Russia will be able to join the global nanotechnology boom thanks to its inter-disciplinary research and traditions in instrument and material science that are still alive and kicking

Olga Ruban

A ton per nanometer

Nanotechnology boomRussia has something to contribute to the nano boom. True, unlike the US, Europe and Japan, Russia is currently unable to conduct research activities across the board, yet some of its developments still manage to stand out from the bumper crop of global nanotechnology achievements.
Russia has a strong position, first of all, in the field of nano instrument-making. Russian engineers have always known how to design simple and functional instruments based on non-standard ideas and approaches. Russia is quite competitive in nanotoolkits, the tools enabling scientists to handle nanoobjects.
The scanning probe microscopes made by the Zelenograd-based NT-MDT Company established by Viktor Bykov, a graduate of Moscow Institute of Physics and Engineering (MFTI), back in 1989 represent the greatest success achieved by Russian technocrats in this area. The probe microscopes enable researchers to “feel” objects. In doing so, they are able to “see” its individual atoms and molecules and also determine some of its features. These instruments are the main tool for scientists and researchers dealing with nano structures. 
NT-MDT develops and manufactures the most delicate unit of these microscopes, its probes (often in the form of a metal needle with a point several atoms thick or in the form of an optical fiber ending in a plate just 30 nanometers in diameter), as well as their “brains,” the software enabling users to control the probe and analyze data from the object.

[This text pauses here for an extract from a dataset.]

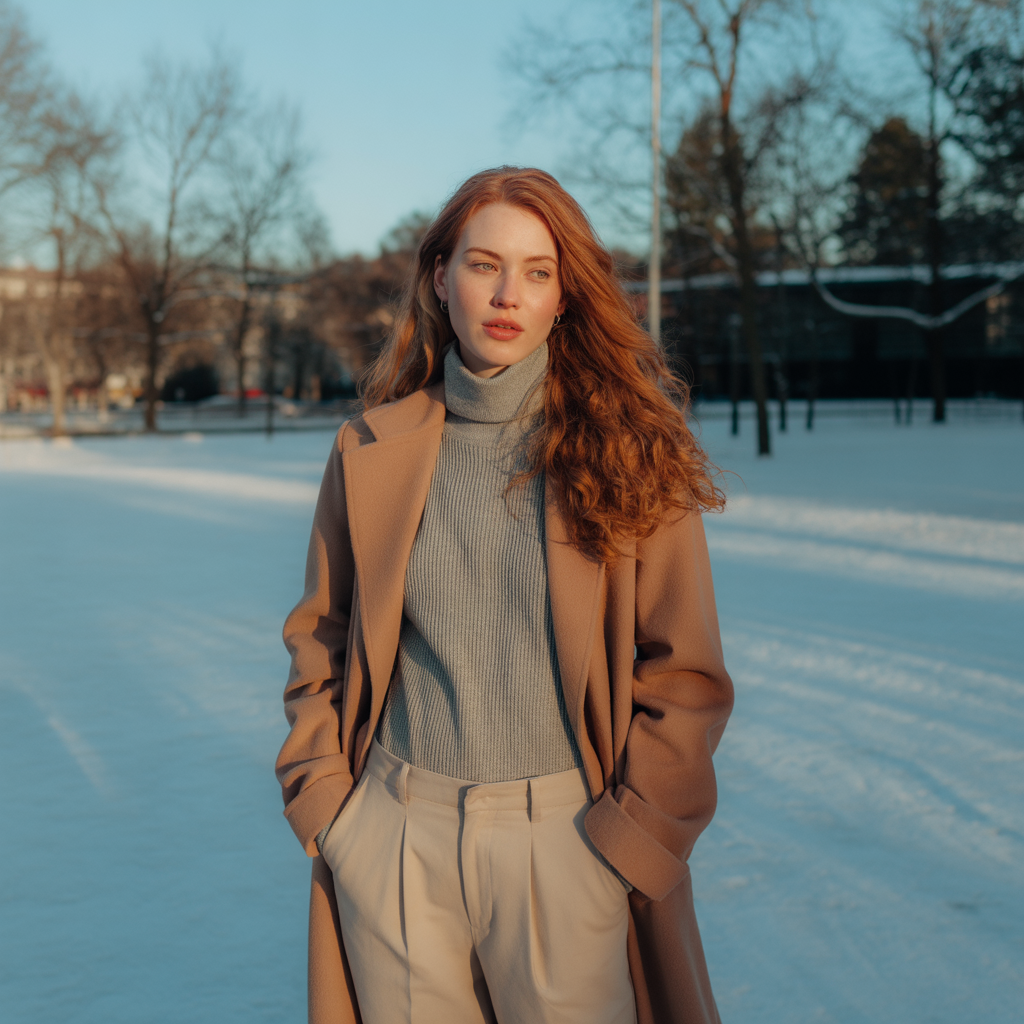 Camel Coat over Neutral Layers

One of the company’s latest products, the Ntegra probe nanolaboratory, unites several instruments into a single interface, enabling scientists to examine the structures and properties of nanoobjects very accurately and thoroughly.
The microscopes made by NT-MDT Company are, perhaps, the sole outstanding commercial success by a Russian company in nanotechnologies. Scientists from Zelenograd have succeeded in making their way onto the global probe microscope market and are doing extremely well there. NT-MDT exports its products to EU countries, where it has a market share of 14%, to Asian countries (9%) and to Israel (35%). Finally, the company sells a third of its instruments on the Russian domestic market.
The Nanotekh Company offers another outstanding product to the market, a power nanopositioner. This device enables scientists to move macro-objects with a mass of around a ton by nanodistances. The principle behind the positioner is magnetostriction, when samples of rare-earth alloys become longer under exposure to an external magnetic field. In the positioner, the magnetic field is applied to a rod made of D-terfenol that acts as a working body. The rod elongates and moves an object, for example, the blade of a metal-working machine. The positioner has two grades: rough and fine. The rough grade can move an object by 1-2 m with an accuracy of 2-3 microns, while the fine grade can move something 10-50 microns within 0.01 nanometer.
The inventors of the nanopositioner propose that it can be applied to such processes as diamond cutting, interactive simulators for training micro-surgeons, or decoding the structure of complex molecules. Such devices make the emergence of a new generation of high-precision machines designed to mechanically process diverse materials possible as well. The first four positioners have been sold to the French National Bureau of Measures and Weights, the holder of the standard meter. The market capacity for these devices is currently estimated at 15,000-20,000 units. The Nanotekh positioner is the only device of its kind in the world.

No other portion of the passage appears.